- [What the task requires] Exact reproduction of all the data is required, with pictures excluded.

[Opening Data section section]

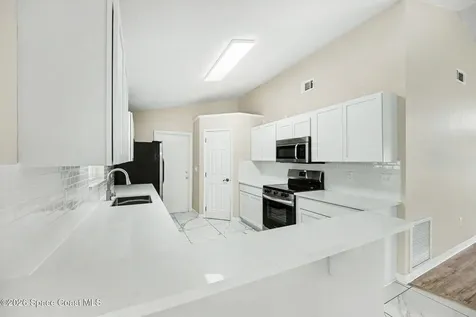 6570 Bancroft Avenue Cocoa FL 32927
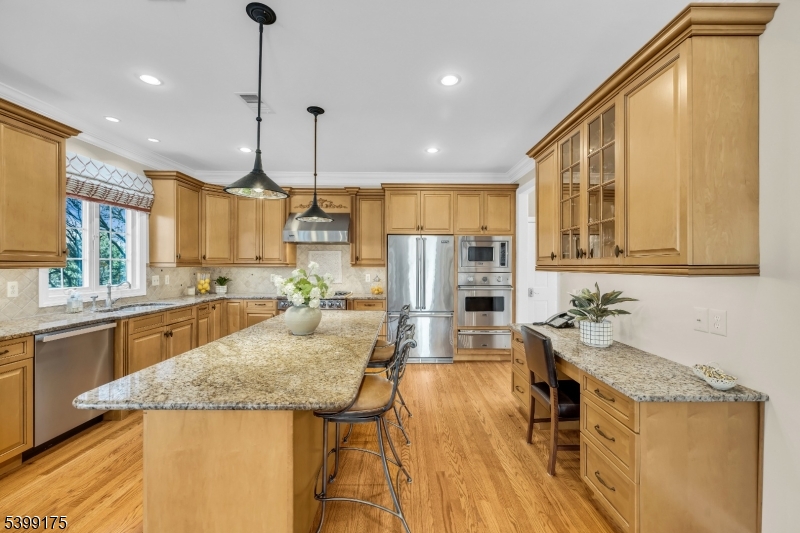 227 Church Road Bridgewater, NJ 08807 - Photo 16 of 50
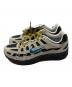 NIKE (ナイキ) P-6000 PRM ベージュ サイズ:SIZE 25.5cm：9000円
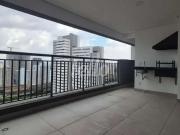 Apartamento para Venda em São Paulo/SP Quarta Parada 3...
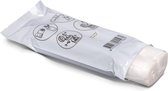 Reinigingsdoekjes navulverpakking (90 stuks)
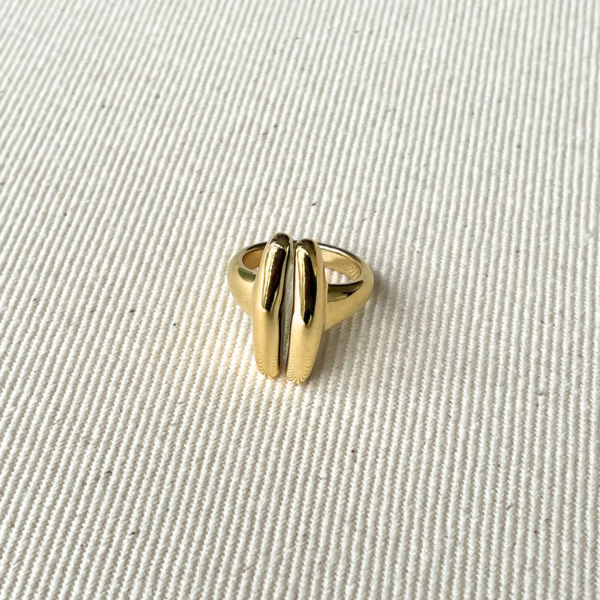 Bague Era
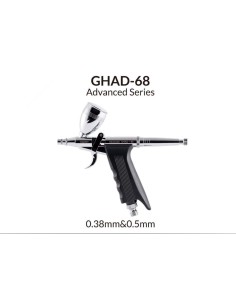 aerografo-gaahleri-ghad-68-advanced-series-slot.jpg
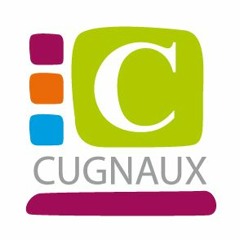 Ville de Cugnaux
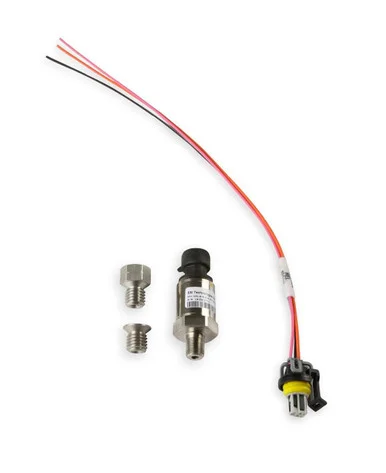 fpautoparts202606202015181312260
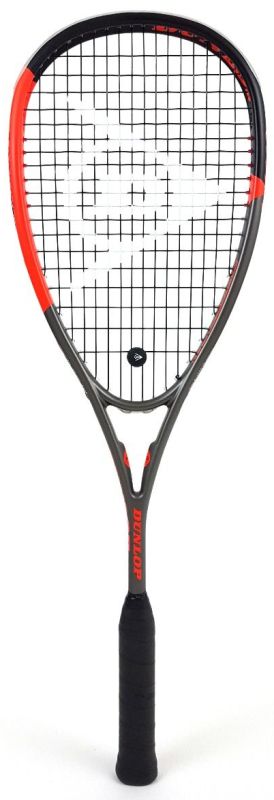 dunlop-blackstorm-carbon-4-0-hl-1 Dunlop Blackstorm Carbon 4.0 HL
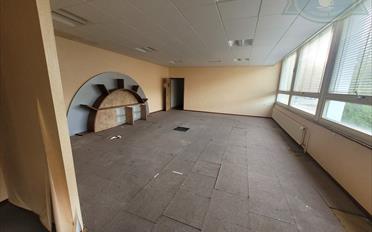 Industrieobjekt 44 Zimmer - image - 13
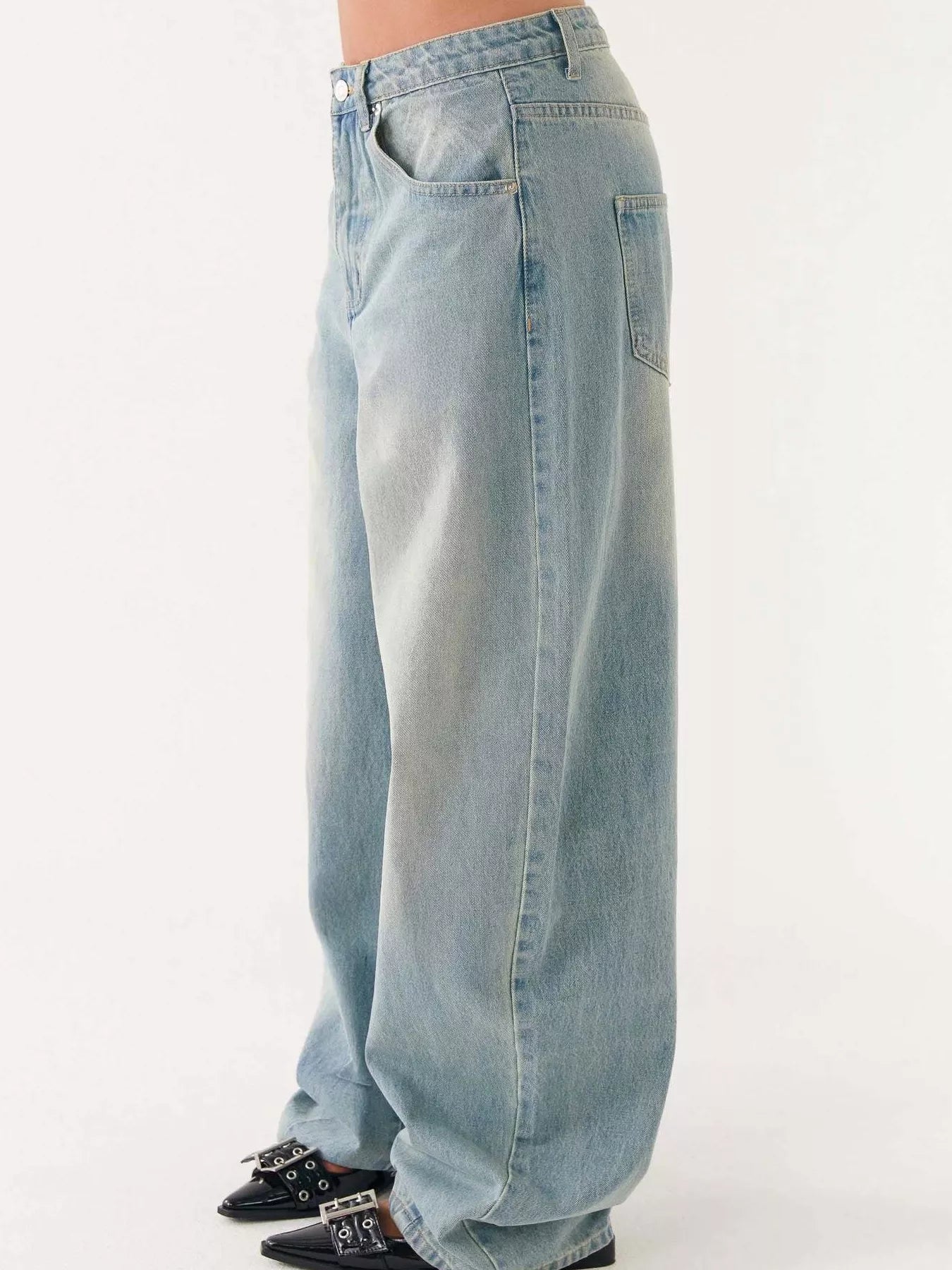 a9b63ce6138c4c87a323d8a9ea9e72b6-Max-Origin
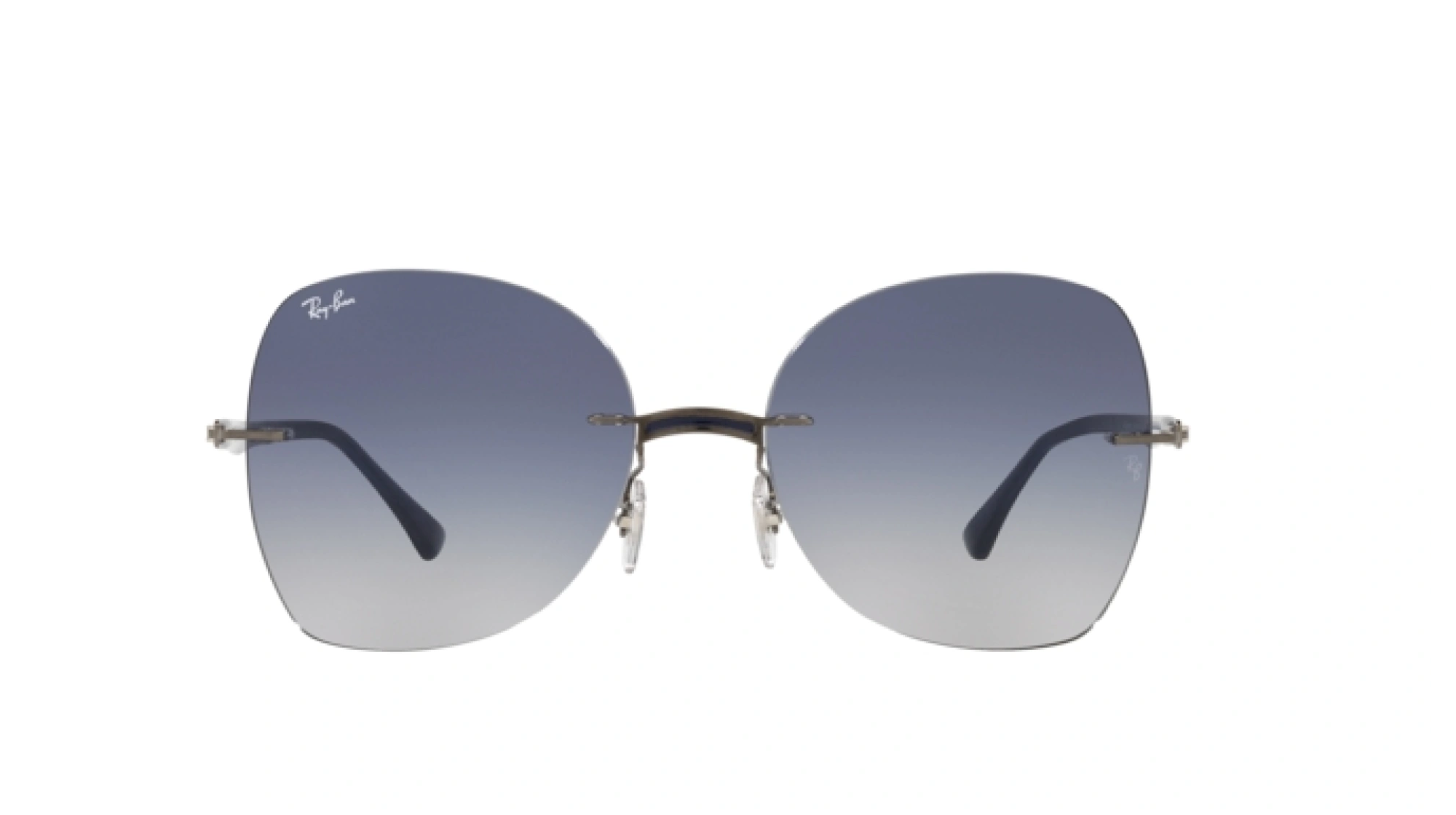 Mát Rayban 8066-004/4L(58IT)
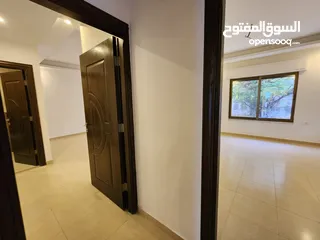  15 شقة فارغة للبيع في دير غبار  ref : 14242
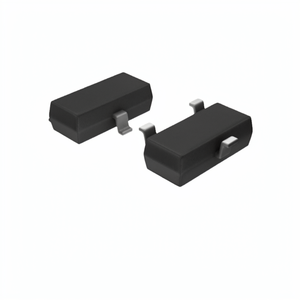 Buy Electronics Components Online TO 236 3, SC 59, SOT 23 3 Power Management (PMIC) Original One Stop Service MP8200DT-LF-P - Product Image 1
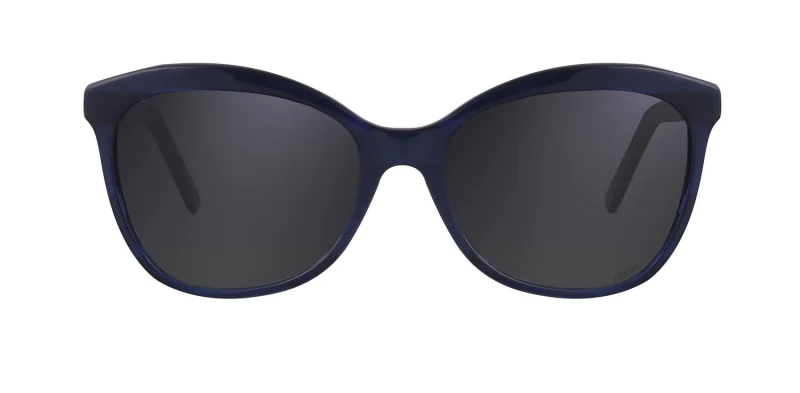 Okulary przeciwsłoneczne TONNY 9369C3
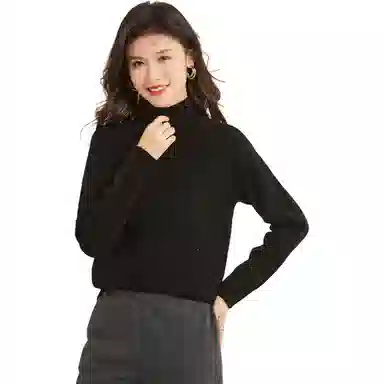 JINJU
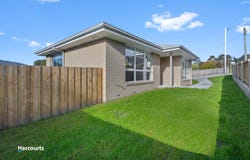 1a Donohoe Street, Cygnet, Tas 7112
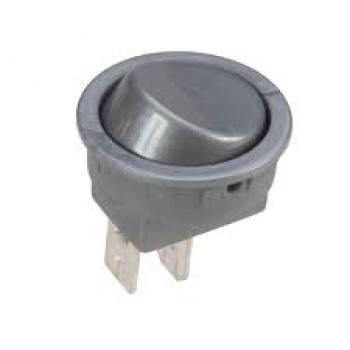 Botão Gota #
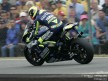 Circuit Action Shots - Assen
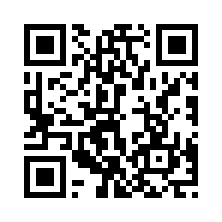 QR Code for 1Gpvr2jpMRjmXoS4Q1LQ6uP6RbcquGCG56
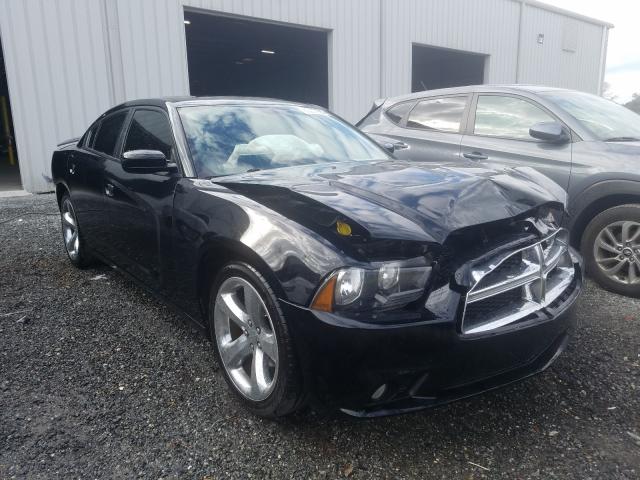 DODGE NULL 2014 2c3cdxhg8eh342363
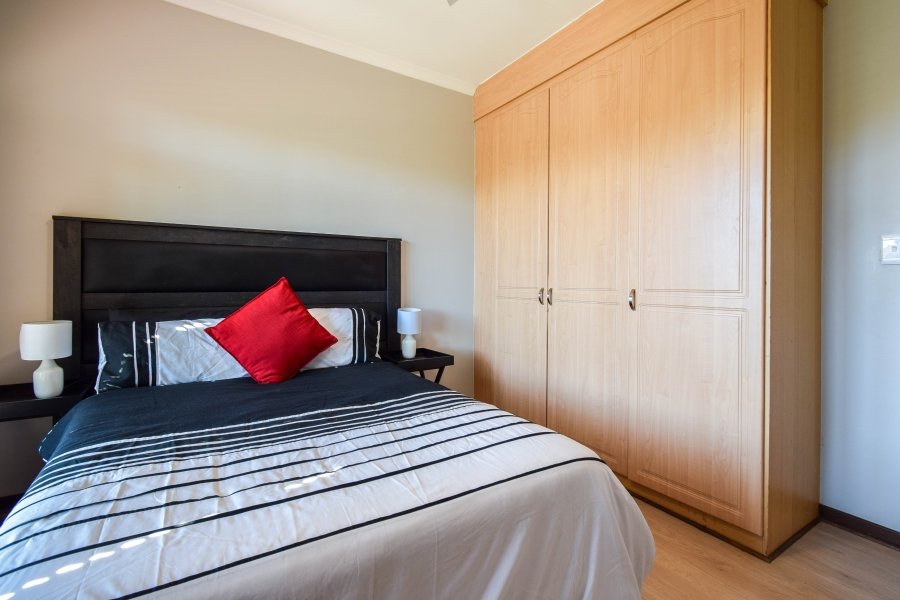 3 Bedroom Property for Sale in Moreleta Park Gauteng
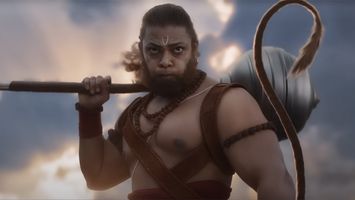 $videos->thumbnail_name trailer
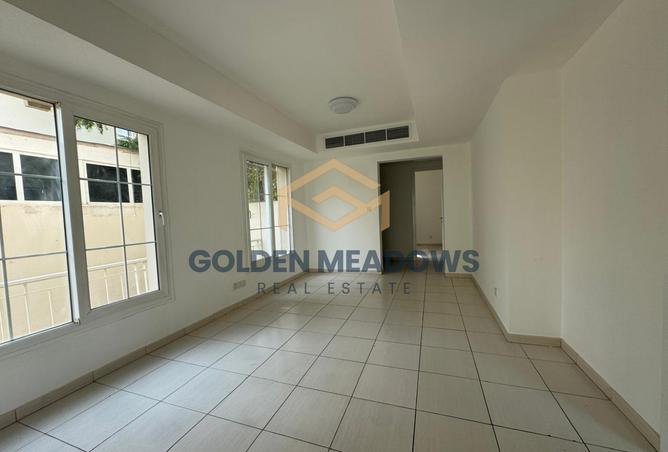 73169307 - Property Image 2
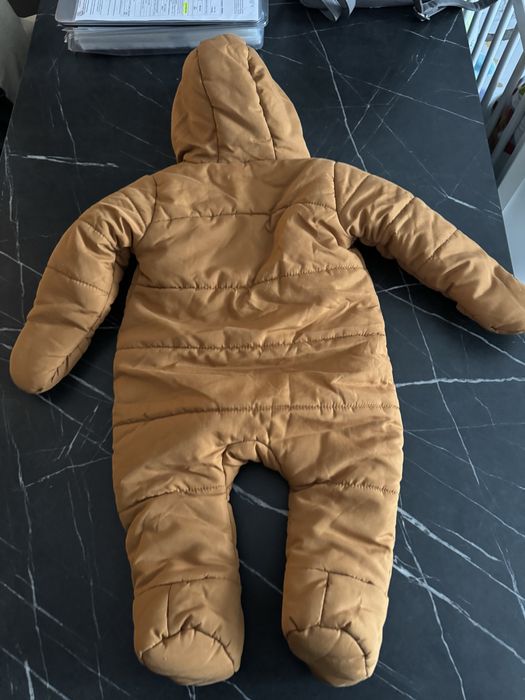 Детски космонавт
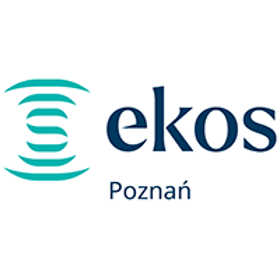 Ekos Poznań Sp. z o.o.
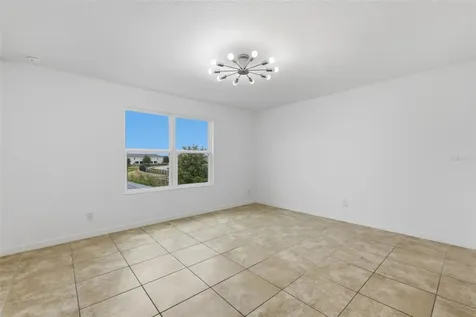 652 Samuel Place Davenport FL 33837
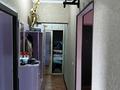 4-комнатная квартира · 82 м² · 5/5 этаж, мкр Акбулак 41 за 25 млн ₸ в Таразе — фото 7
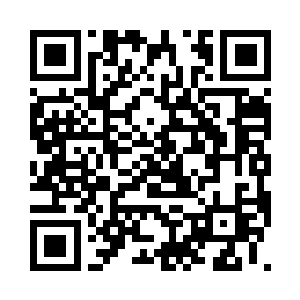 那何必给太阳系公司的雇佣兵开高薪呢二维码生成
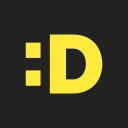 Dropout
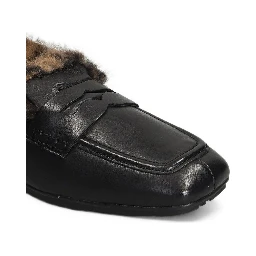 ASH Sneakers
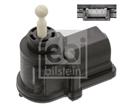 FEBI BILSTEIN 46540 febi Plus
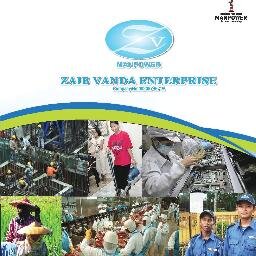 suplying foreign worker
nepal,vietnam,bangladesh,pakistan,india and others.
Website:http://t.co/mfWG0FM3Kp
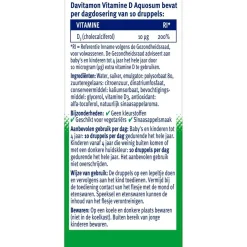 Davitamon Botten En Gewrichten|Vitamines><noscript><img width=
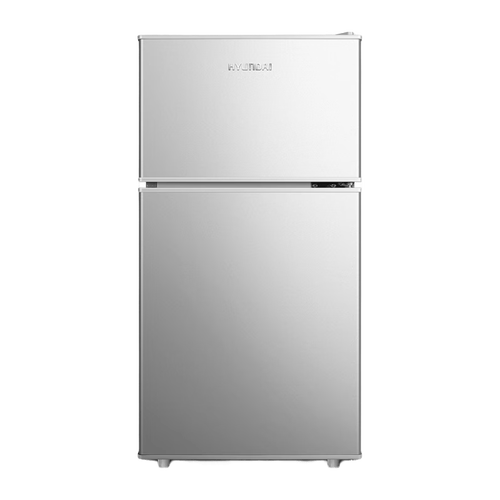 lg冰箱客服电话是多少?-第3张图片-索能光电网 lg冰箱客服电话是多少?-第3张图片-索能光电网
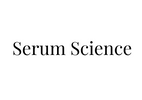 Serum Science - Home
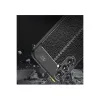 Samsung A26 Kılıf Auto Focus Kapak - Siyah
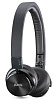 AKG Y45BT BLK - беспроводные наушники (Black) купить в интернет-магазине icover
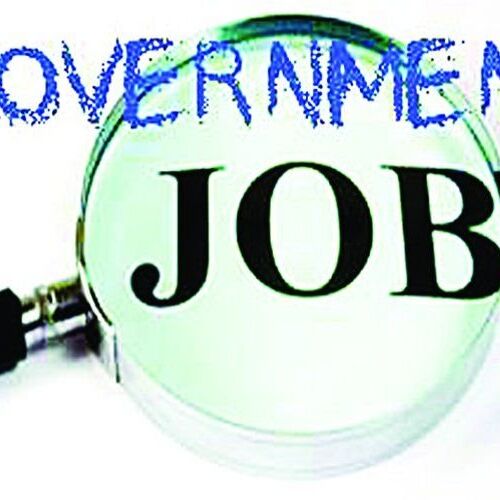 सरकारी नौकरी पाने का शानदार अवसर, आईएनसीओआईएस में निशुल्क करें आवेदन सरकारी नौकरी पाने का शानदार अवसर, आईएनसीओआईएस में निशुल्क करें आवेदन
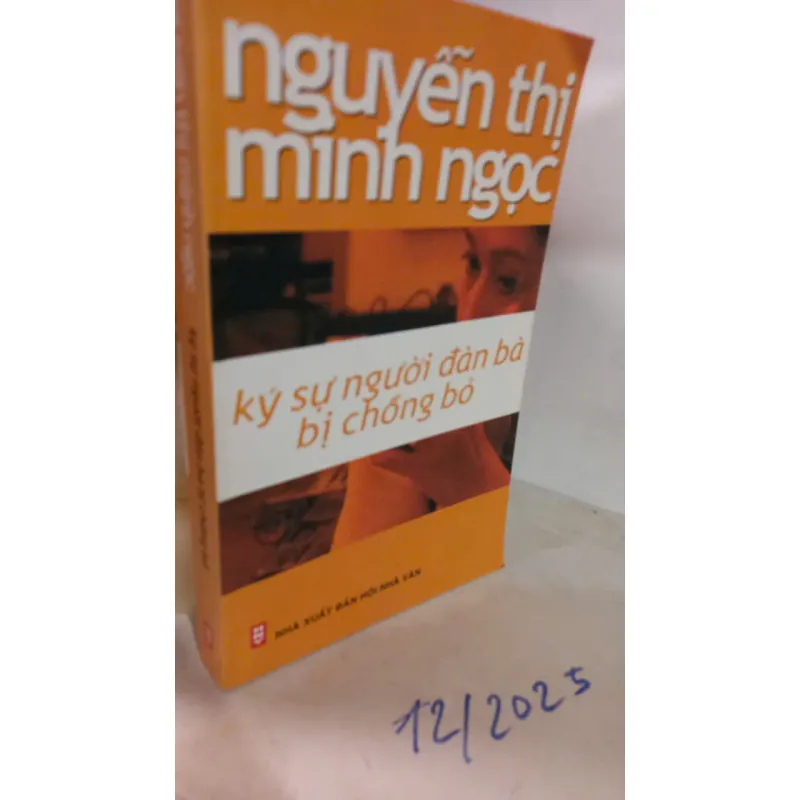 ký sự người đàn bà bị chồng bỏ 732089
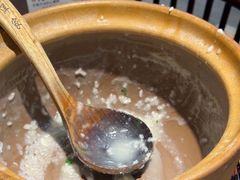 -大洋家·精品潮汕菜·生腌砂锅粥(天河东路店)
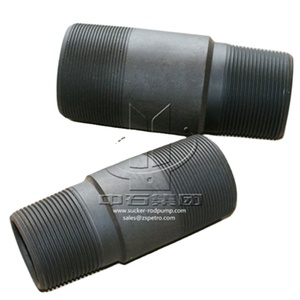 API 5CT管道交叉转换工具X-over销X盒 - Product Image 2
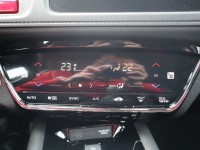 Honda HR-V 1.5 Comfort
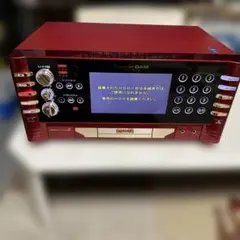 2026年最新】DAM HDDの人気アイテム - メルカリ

[Closing Data section section]

- [Your solution]
 6570 Bancroft Avenue Cocoa FL 32927
 227 Church Road Bridgewater, NJ 08807 - Photo 16 of 50
 NIKE (ナイキ) P-6000 PRM ベージュ サイズ:SIZE 25.5cm：9000円
 Apartamento para Venda em São Paulo/SP Quarta Parada 3...
 Reinigingsdoekjes navulverpakking (90 stuks)
 Bague Era
 aerografo-gaahleri-ghad-68-advanced-series-slot.jpg
 Ville de Cugnaux
 fpautoparts202606202015181312260
 dunlop-blackstorm-carbon-4-0-hl-1 Dunlop Blackstorm Carbon 4.0 HL
 Industrieobjekt 44 Zimmer - image - 13
 a9b63ce6138c4c87a323d8a9ea9e72b6-Max-Origin
 Mát Rayban 8066-004/4L(58IT)
  15 شقة فارغة للبيع في دير غبار  ref : 14242
 Buy Electronics Components Online TO 236 3, SC 59, SOT 23 3 Power Management (PMIC) Original One Stop Service MP8200DT-LF-P - Product Image 1
 Okulary przeciwsłoneczne TONNY 9369C3
 JINJU
 1a Donohoe Street, Cygnet, Tas 7112
 Botão Gota #
 Circuit Action Shots - Assen
 QR Code for 1Gpvr2jpMRjmXoS4Q1LQ6uP6RbcquGCG56
 DODGE NULL 2014 2c3cdxhg8eh342363
 3 Bedroom Property for Sale in Moreleta Park Gauteng
 $videos->thumbnail_name trailer
 73169307 - Property Image 2
 Детски космонавт
 Ekos Poznań Sp. z o.o.
 652 Samuel Place Davenport FL 33837
 4-комнатная квартира · 82 м² · 5/5 этаж, мкр Акбулак 41 за 25 млн ₸ в Таразе — фото 7
 那何必给太阳系公司的雇佣兵开高薪呢二维码生成
 Dropout
 ASH Sneakers
 FEBI BILSTEIN 46540 febi Plus
 suplying foreign worker
nepal,vietnam,bangladesh,pakistan,india and others.
Website:http://t.co/mfWG0FM3Kp
 Davitamon Botten En Gewrichten|Vitamines><noscript><img width=
 lg冰箱客服电话是多少?-第3张图片-索能光电网 lg冰箱客服电话是多少?-第3张图片-索能光电网
 Serum Science - Home
 Samsung A26 Kılıf Auto Focus Kapak - Siyah
 AKG Y45BT BLK - беспроводные наушники (Black) купить в интернет-магазине icover
 सरकारी नौकरी पाने का शानदार अवसर, आईएनसीओआईएस में निशुल्क करें आवेदन सरकारी नौकरी पाने का शानदार अवसर, आईएनसीओआईएस में निशुल्क करें आवेदन
 ký sự người đàn bà bị chồng bỏ 732089
 -大洋家·精品潮汕菜·生腌砂锅粥(天河东路店)
 API 5CT管道交叉转换工具X-over销X盒 - Product Image 2
 Honda HR-V 1.5 Comfort
 2026年最新】DAM HDDの人気アイテム - メルカリ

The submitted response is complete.